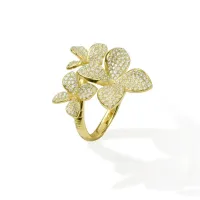 Picture Beautiful ring in 18-carat gold-plated silver with white zircons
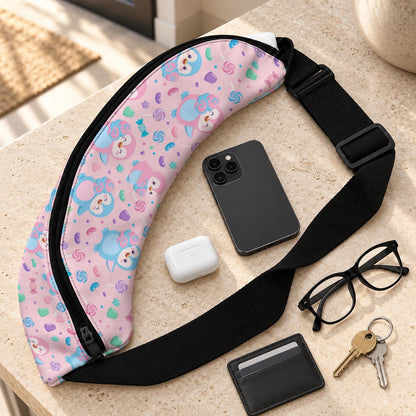 Pink Penguin Cotton Candy PU Bag – Cute Kawaii Winter & Sweet Print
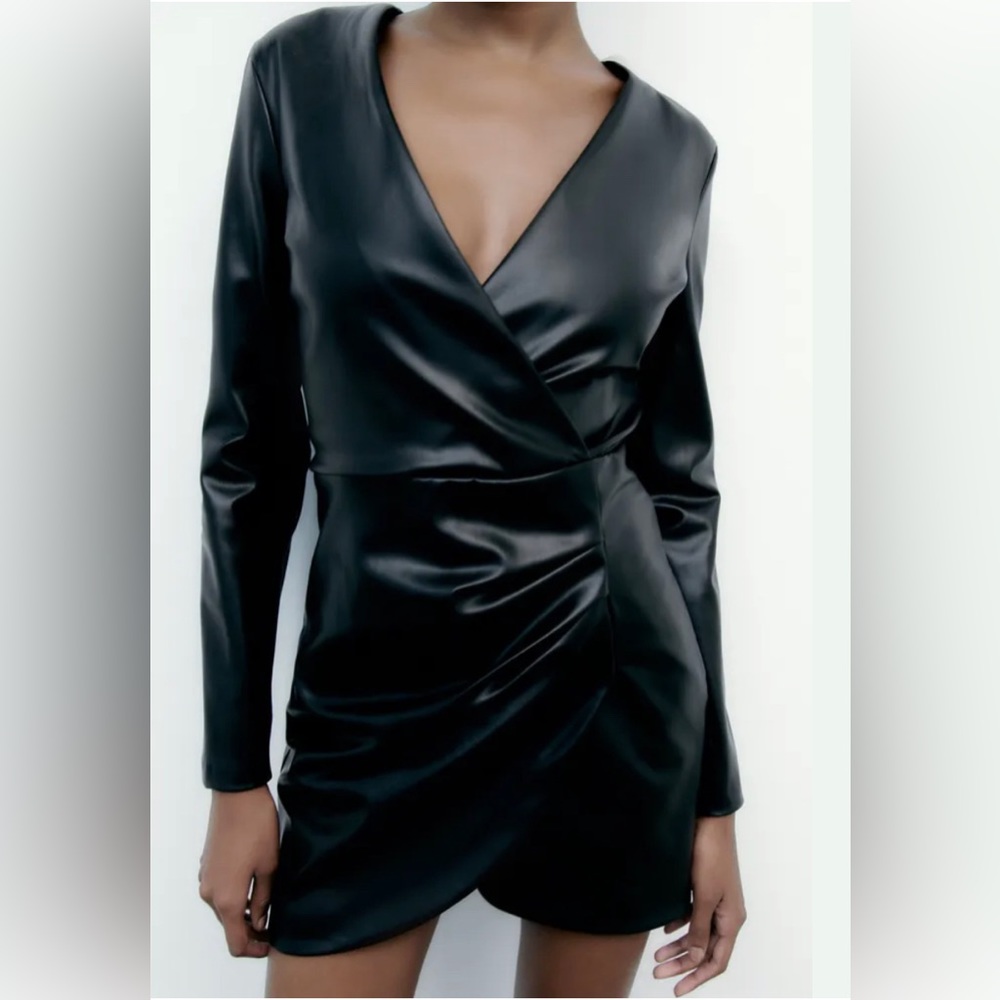 Zara - Black Faux Leather Draped Dress
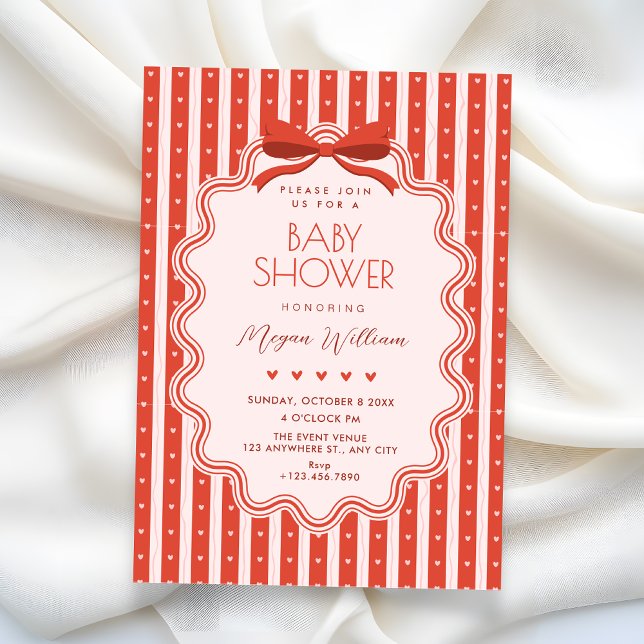 Invitación Ducha de bebé de lazo lindo (Subido por el creador)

■ ■ ■ ■ ■

TASK GOAL -> Make an exact reproduction of the listing above, without any pictures.

EXPECTED ANSWER ->
 Picture Beautiful ring in 18-carat gold-plated silver with white zircons
 Pink Penguin Cotton Candy PU Bag – Cute Kawaii Winter & Sweet Print
 Zara - Black Faux Leather Draped Dress
 Invitación Ducha de bebé de lazo lindo (Subido por el creador)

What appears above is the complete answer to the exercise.